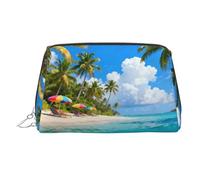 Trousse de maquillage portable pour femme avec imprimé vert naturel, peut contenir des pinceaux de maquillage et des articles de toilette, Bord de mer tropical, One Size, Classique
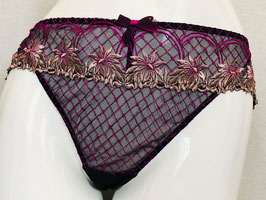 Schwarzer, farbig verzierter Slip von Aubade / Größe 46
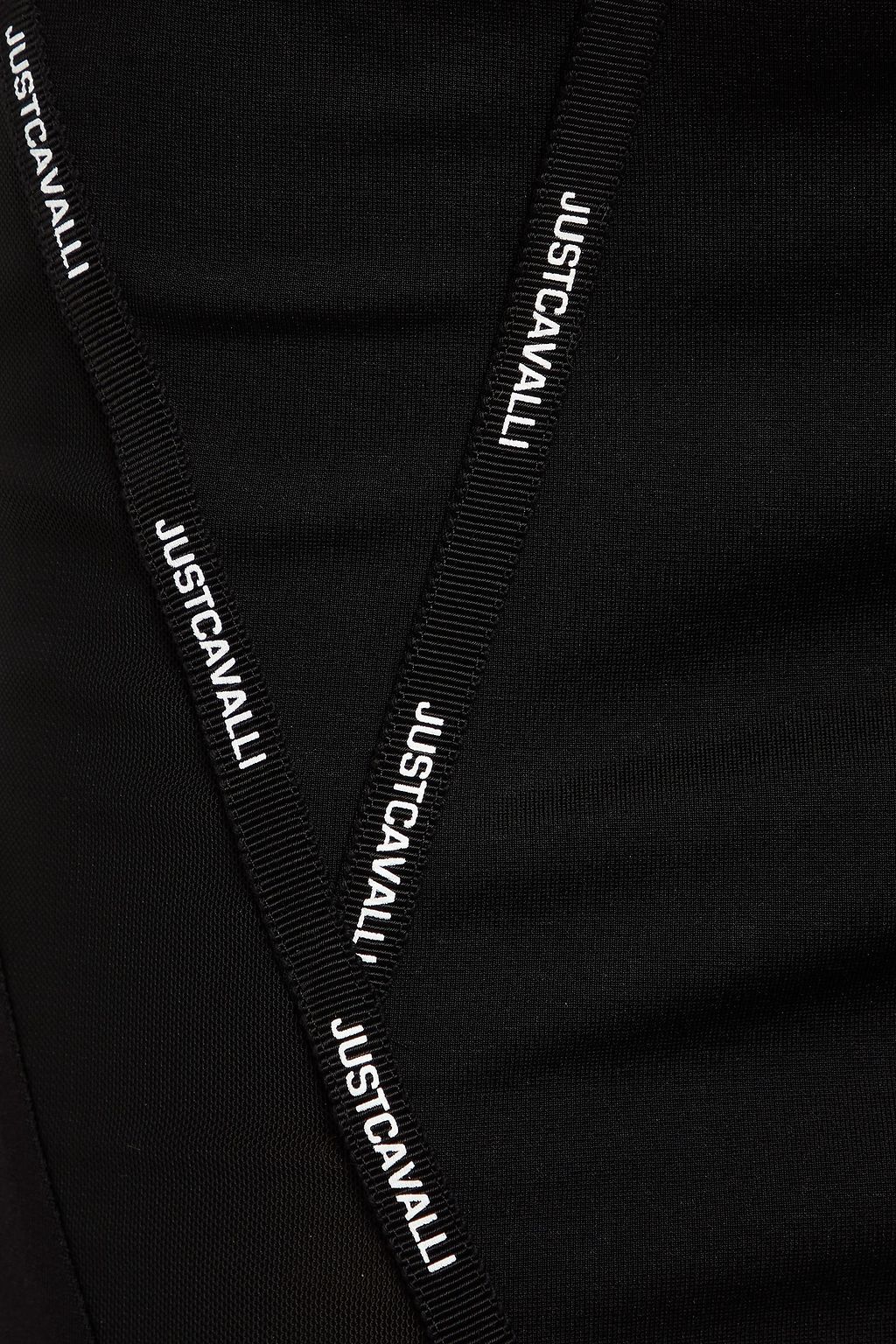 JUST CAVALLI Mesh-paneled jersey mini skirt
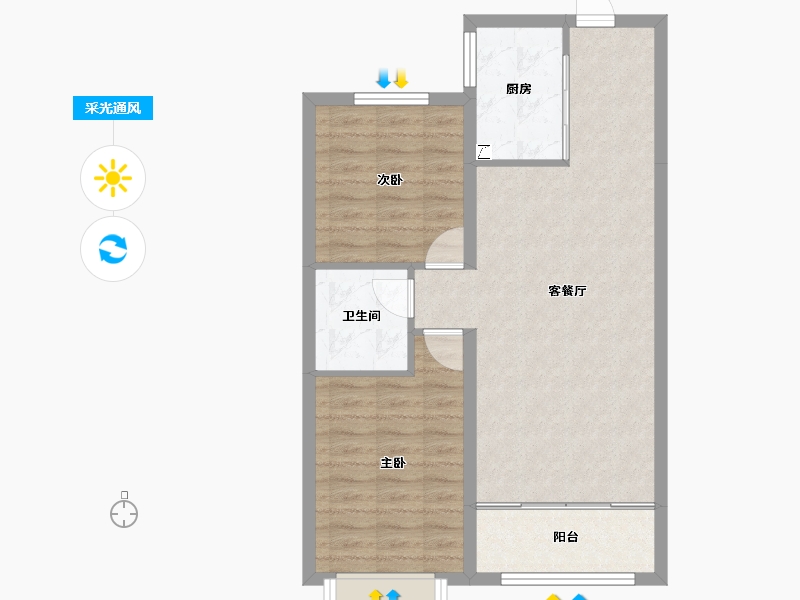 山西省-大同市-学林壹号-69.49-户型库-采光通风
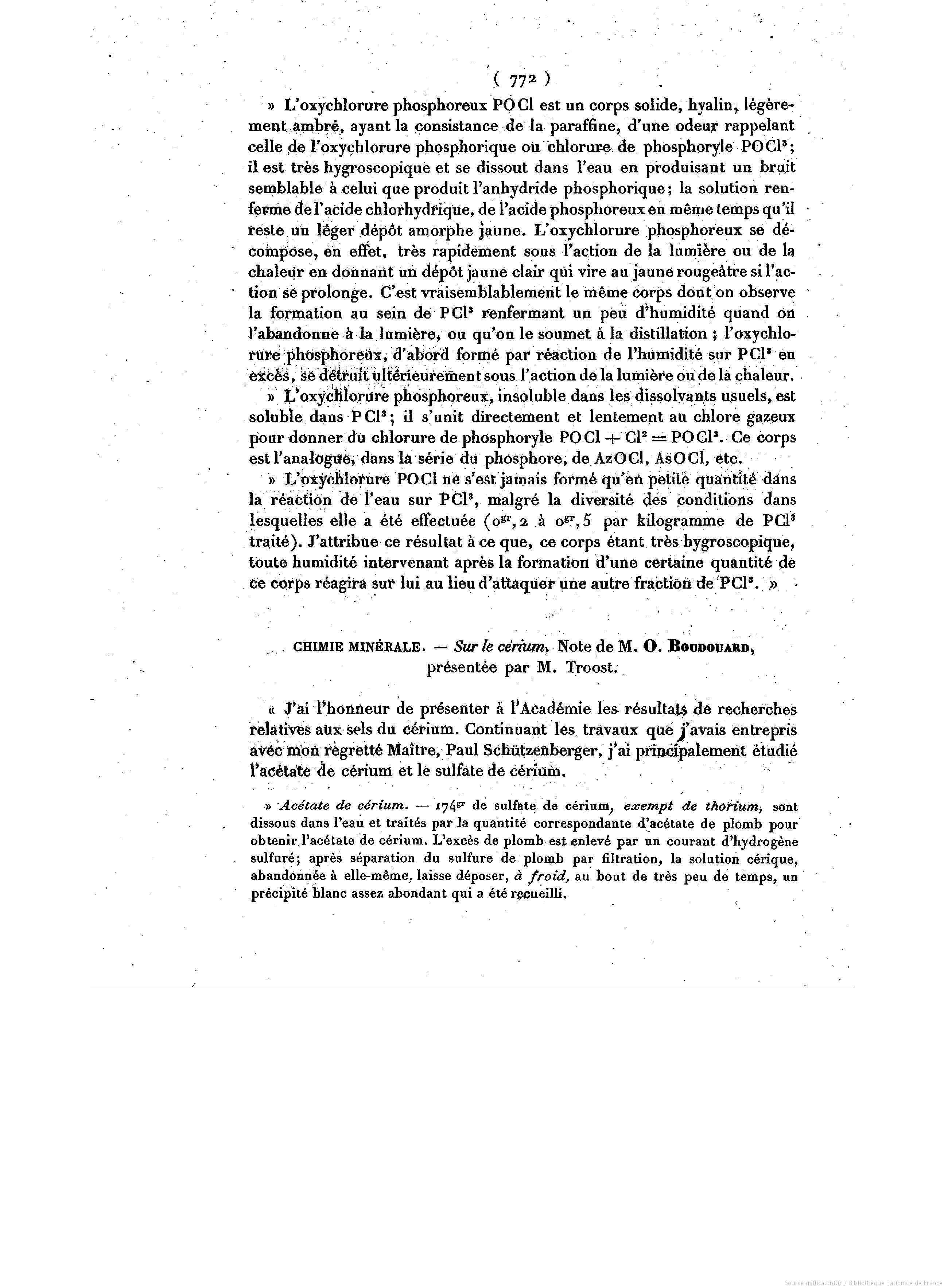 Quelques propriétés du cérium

**TASK**
With pictures omitted, restate word for word every line above from the one containing "Schwarzer, farbig verzierter" to the end of the entries.

**OUTPUT**
 Schwarzer, farbig verzierter Slip von Aubade / Größe 46
 JUST CAVALLI Mesh-paneled jersey mini skirt
 山西省-大同市-学林壹号-69.49-户型库-采光通风
 Quelques propriétés du cérium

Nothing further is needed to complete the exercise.